Needed from the data below: every line from the one with "Celine Drummed Calfskin" up to and including the one with "Koyu yeşil vektör", repeated exactly and with nothing else.

#### Data provided
+++

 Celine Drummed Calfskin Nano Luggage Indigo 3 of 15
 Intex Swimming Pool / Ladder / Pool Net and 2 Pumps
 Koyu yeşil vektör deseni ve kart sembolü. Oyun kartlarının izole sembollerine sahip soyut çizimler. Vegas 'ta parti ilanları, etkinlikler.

+++

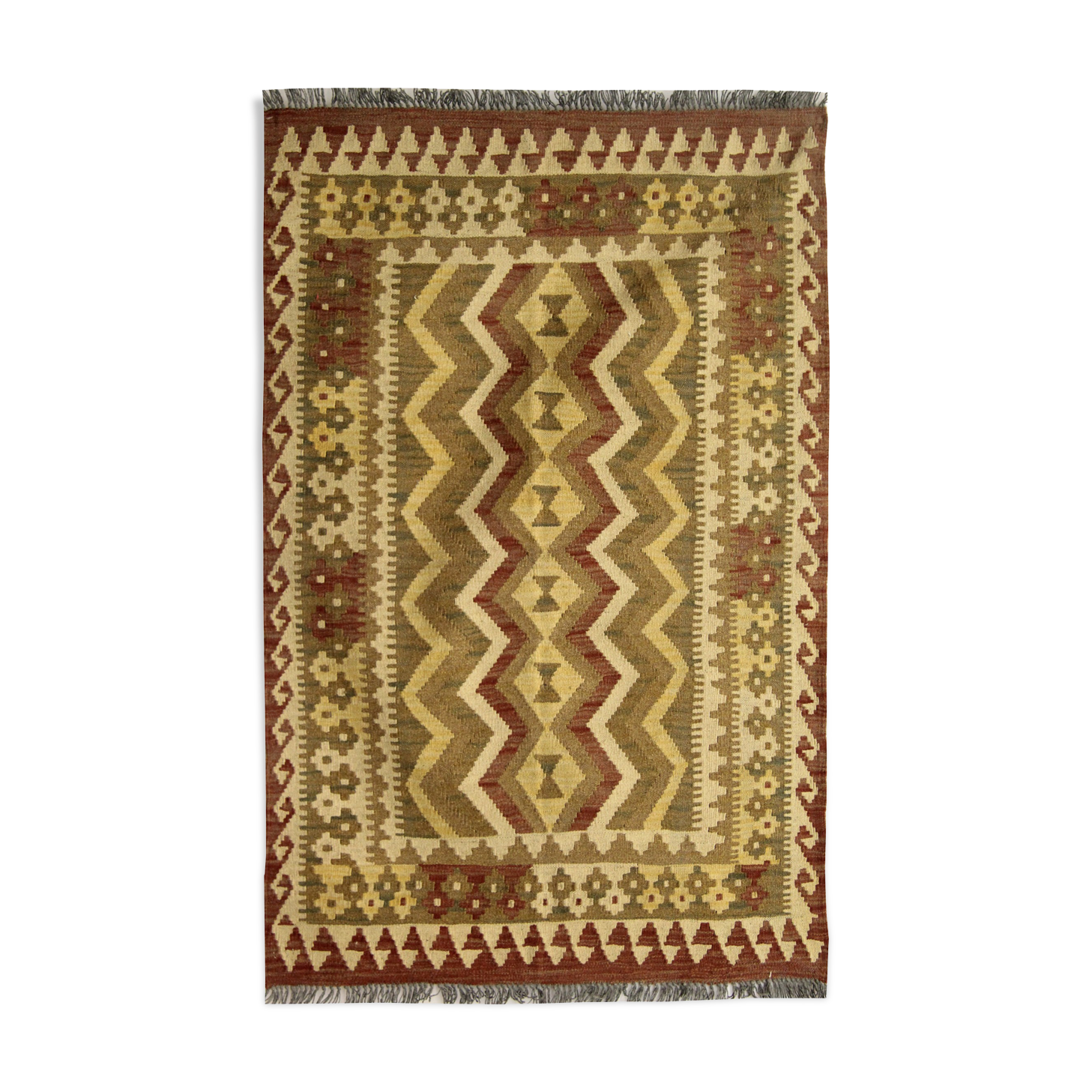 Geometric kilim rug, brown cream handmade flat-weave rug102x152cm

+++

#### Response area
 Celine Drummed Calfskin Nano Luggage Indigo 3 of 15
 Intex Swimming Pool / Ladder / Pool Net and 2 Pumps
 Koyu yeşil vektör deseni ve kart sembolü. Oyun kartlarının izole sembollerine sahip soyut çizimler. Vegas 'ta parti ilanları, etkinlikler.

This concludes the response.